München – Kisten packen, Kartons schleppen, Durcheinander ertragen und ja nicht den Überblick verlieren. Jeder, der schon einen Umzug mitgemacht hat, weiß, wie anstrengend so ein Wohnungswechsel ist. Allein schon im Privaten. Wie groß ist dann bitte der Aufwand, wenn ein ganzes Theater umzieht? Christian Stückl, Chef des Volkstheaters, macht genau so einen Umzug derzeit mit – und wirkt trotzdem ganz entspannt. Theater mit dem Theater? Gibt es bei ihm nicht. Auch, wenn das Unterfangen riesig ist. „Das geht schon“, sagt Carsten Lück. Beim Technik-Chef des Volkstheaters laufen seit sechs Jahren alle Fäden zum Thema Neubau zusammen. Bei ihm wie auch bei Stückl ist die Freude über das Geschaffte und vor allem die Vorfreude auf das neue Domizil spürbar groß.
Am 15. Oktober steht die Eröffnung an der Tumblingerstraße an. Am alten Standort an der Brienner Straße werden derweil noch Umzugskisten gepackt. Die Requisite räumt als Letztes ihre vielen, vielen Utensilien und Kostüme zusammen. Extrem wichtig ist dabei, die Kisten richtig zu beschriften, damit alles im neuen Theater an die richtige Stelle kommt. „Wir können endlich alles an einem Standort unterbringen“, sagt Stückl erleichtert, als er neben den Kartons mit der Garderobe vom Erfolgsstück „Brandner Kaspar“ steht.

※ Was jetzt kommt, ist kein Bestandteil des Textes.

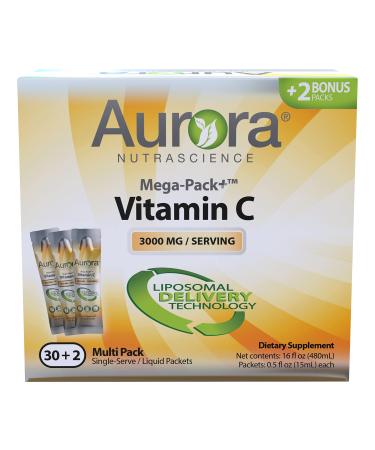 Aurora Nutrascience Mega-Liposomal Vitamin C 3000 mg 32 Single-Serve Liquid Packets 0.5 fl oz (15 ml) Each - Buy Online on GoSupps.com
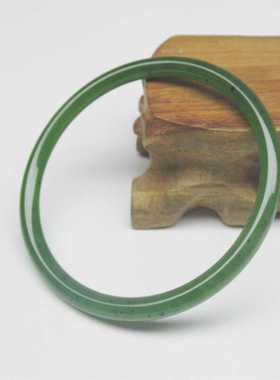 圆条天然阳绿翡翠玉镯子老坑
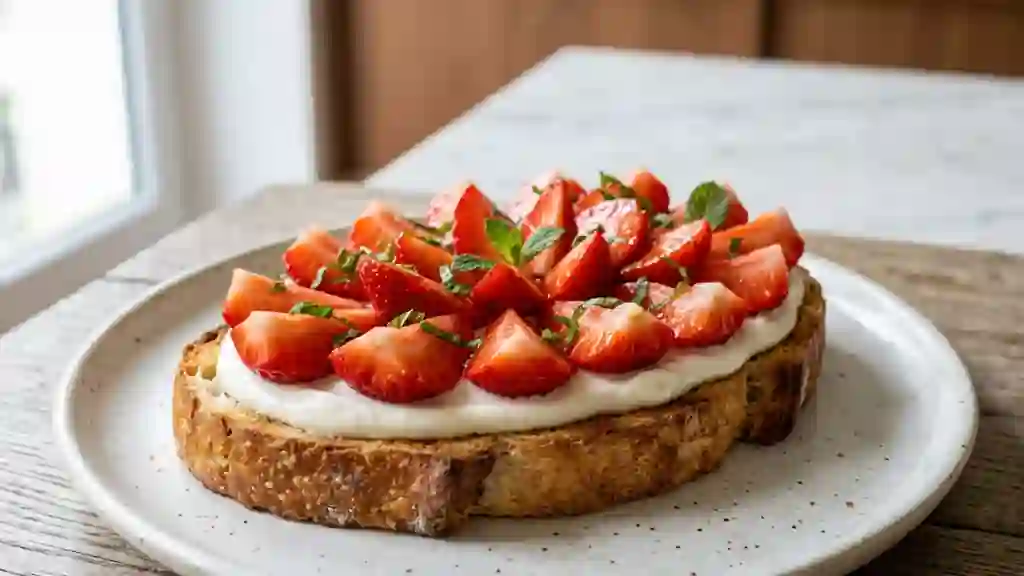 Tartines craquantes aux fraises et fromage blanc - Photo de présentation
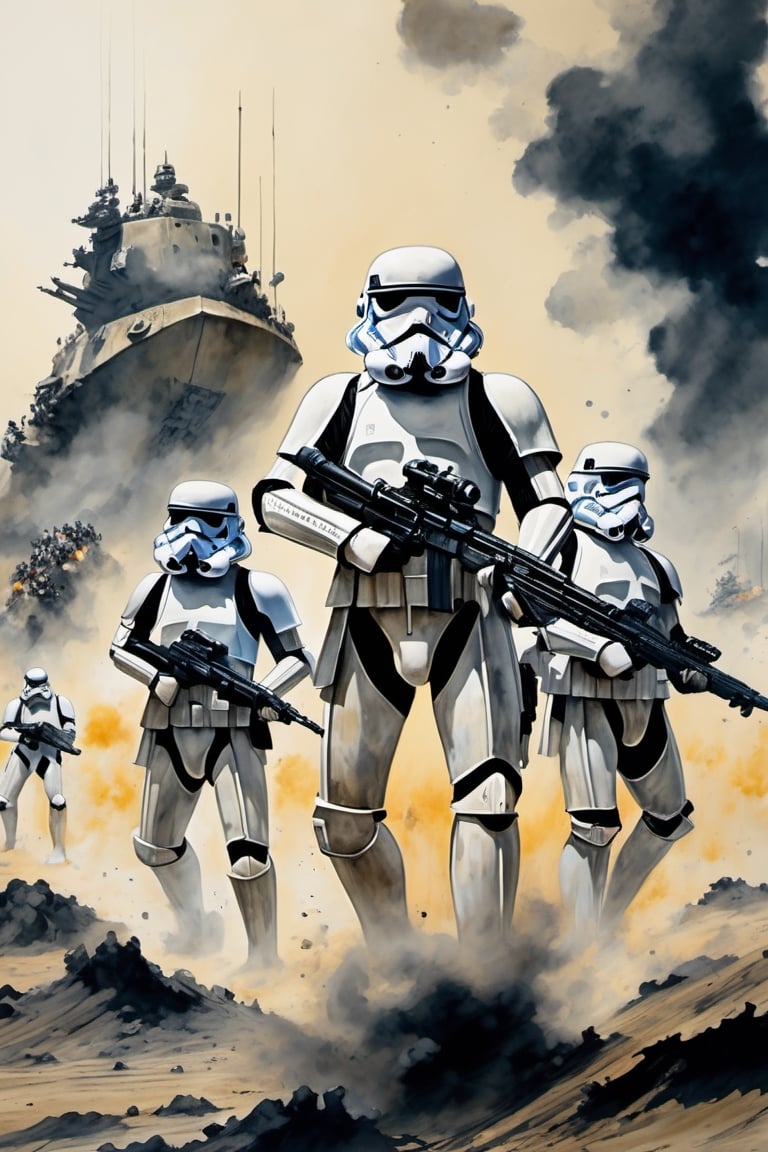 Masterpiece, 8k, dripping paint, chinese ink drawing, 3 stormtroopers standing in smoke-filled battlefield, weathered armor and helmet, sandy, 1000 yard stare, 1080P, under moon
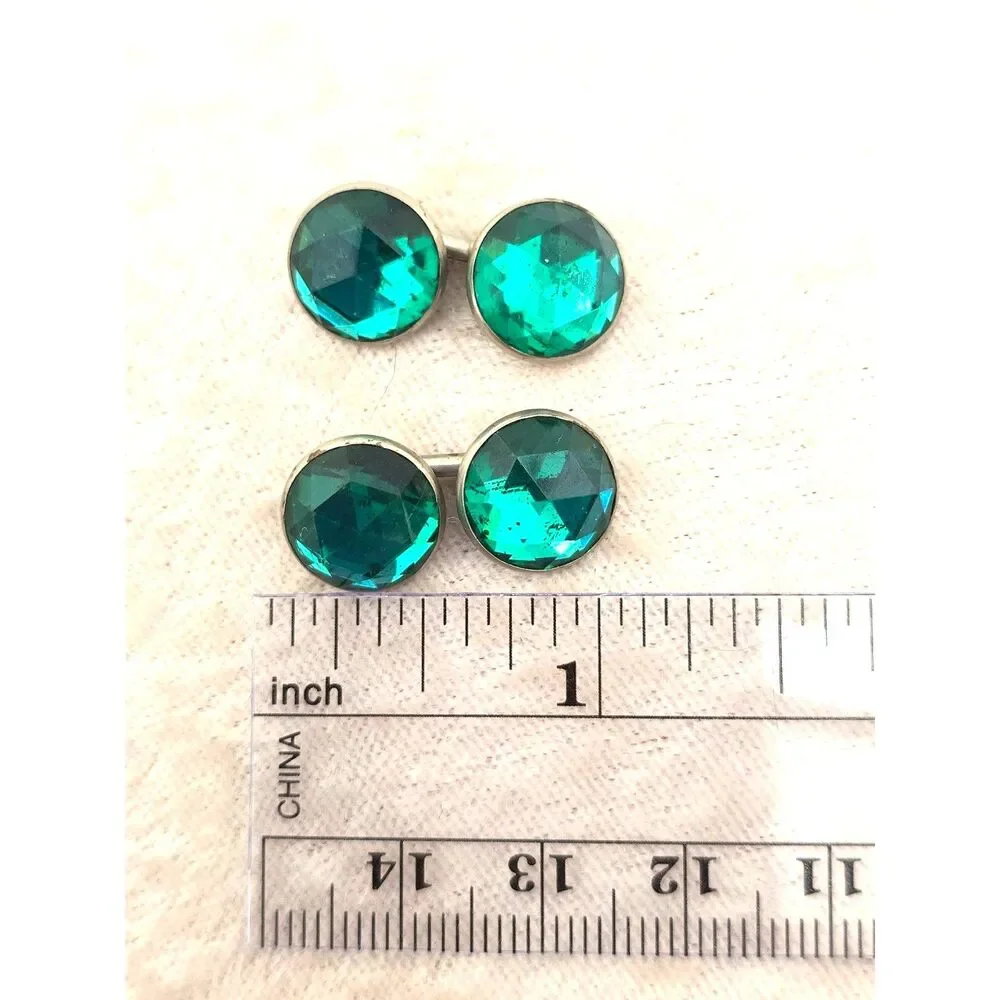 Vintage Green Glass Cufflinks Emerald Color Double Sided Silver Tone Unisex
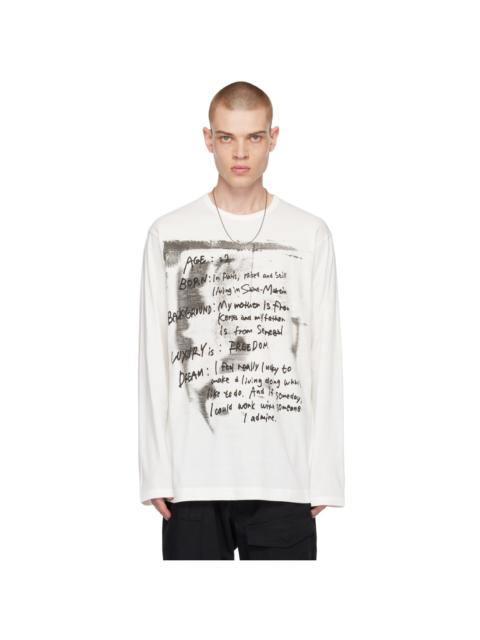 Yohji Yamamoto White Printed Long Sleeve T-Shirt
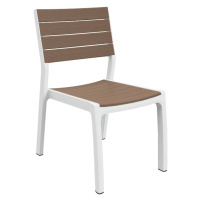Biela/hnedá plastová záhradná stolička Harmony – Keter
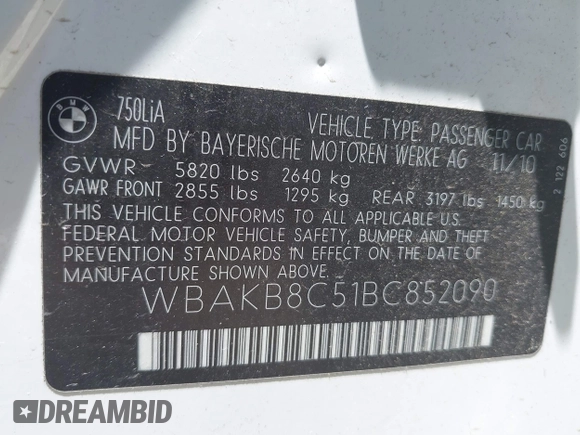 2011 BMW 7 Series 750Li с VIN WBAKB8C51BC852090, выставлен на аукционе IAAI как лот 42612038 с пробегом 101 179 миль миль и . История ставок и продаж доступна на DreamBid. Изображение 9.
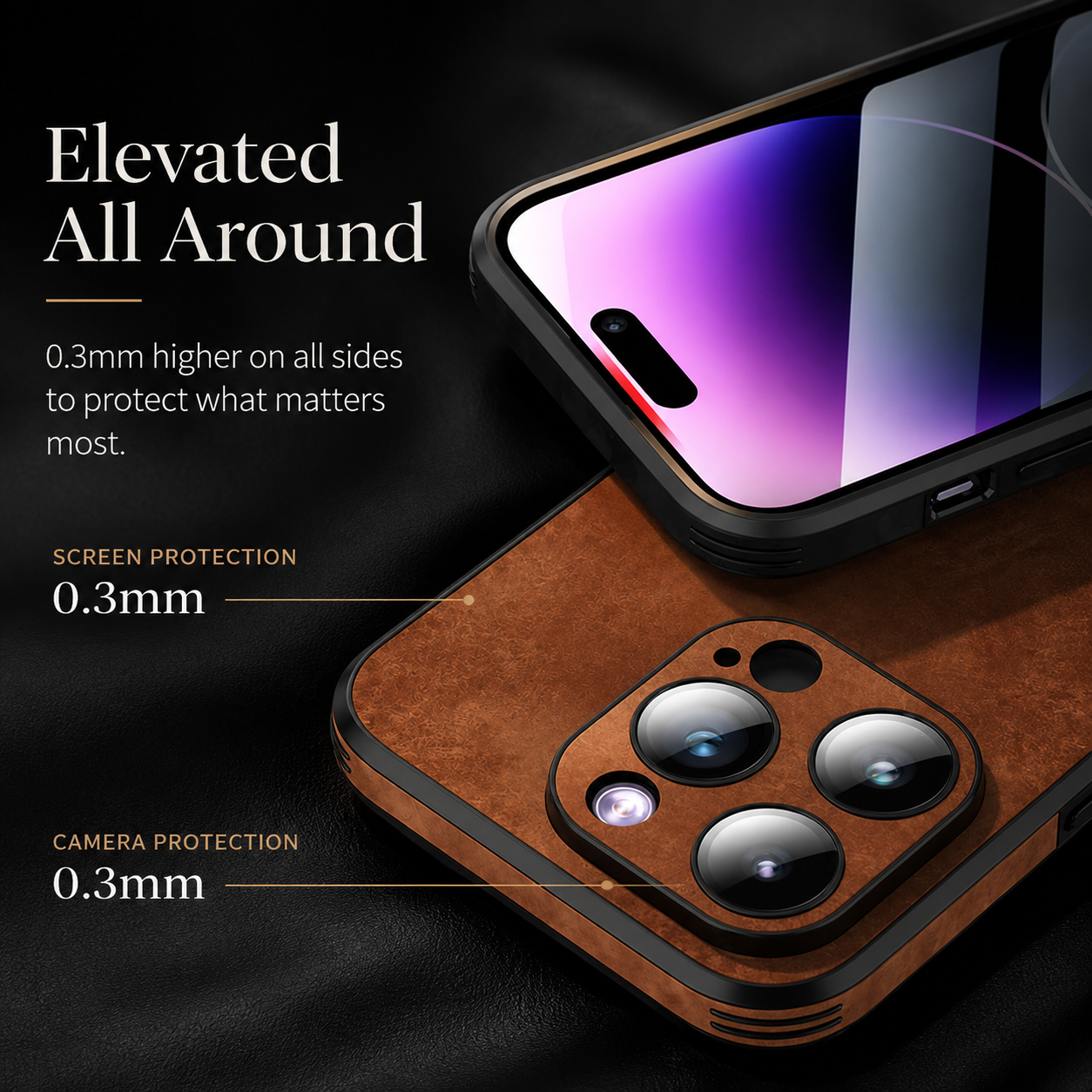 Premium iPhone Case MagSafe Compatible Genuine Leather Cover Magnetic Protective Camera Lens Guard Shock Absorbing Slim Full Coverage Design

Klar, die 38 Jahre an der Brienner Straße will keiner missen. Aber: Dort war alles ein bisschen komplizierter. „Wir hatten Probebühnen am Nordbad und in der Zenettistraße. Unsere Bühnenbilder befanden sich in der Stadt verteilt in Containern. Pro Aufführung mussten wir immense Lieferwege auf uns nehmen“, erklärt der 59-jährige Oberammergauer. Im Neubau mit der roten Ziegelfassade, die sich gut ins Schlachthof-Viertel einfügt, ist in den vergangenen drei Jahren das modernste Theater Deutschlands entstanden. Herzstück: die Hauptbühne mit dem fast 30 Meter hohen Turm, der sich vom Keller über neun Stockwerke erstreckt. „Im Moment arbeiten wir noch an der Bühnentechnik“, erklärt Stückl. Und das Leuchten in seinen Augen lässt erahnen, dass die Hightech-Konstruktion ein Traum für jeden Regisseur ist. Warum? Neben und hinter der Hauptbühne befindet sich je ein Seitenraum, verdeckt durch eiserne Vorhänge. „Dort bereiten wir weitere Bühnensets vor, die dann im richtigen Moment auf das Hauptpodium gefahren werden“, erklärt Stückl begeistert. Noch etwa zwei Wochen werden laut Technik-Chef Lück die Arbeiten an der Bühne dauern. Dann geht es für das Team darum, sich an die neuen Möglichkeiten zu gewöhnen und die Abläufe einzuüben. Bis zur Eröffnung am 15. Oktober hängen statt der Plakate für die aktuellen Inszenierungen noch Porträts an der Hauswand. „Das sind unsere festen Ensemblemitglieder. Eigentlich sind es 22. Der Letzte ist leider zu spät dazugestoßen“, sagt Stückl und lacht. Das erste Programm im funkelnagelneuen Theater wird am 9. September vorgestellt, bereits Ende August ist die Theaterkasse wieder besetzt. Bis es losgehen kann, heißt es Endspurt auf der Baustelle. Angesichts der vergangenen drei Jahre und der enormen Arbeit schnauft Lück durch. „Das war schon enorm.“
Die Zahlen sprechen für sich: So flossen zum Beispiel 2900 Wagenladungen Beton in das neue Haus, wurden 5000 Meter Starkstromkabel verlegt. Es gibt 600 Türen, die Nutzfläche hat sich im Vergleich zum Vorgängerbau mit 11 200 Quadratmetern fast verdoppelt, insgesamt umfasst das neue Theater knapp 26 000 Quadratmeter. Wie man eine solche Fläche einigermaßen organisiert bezieht? „Wir haben uns Hilfe geholt“, verrät Lück. Mit den Umzugsprofis ging es gut organisiert voran. Karton für Karton. Stück für Stück.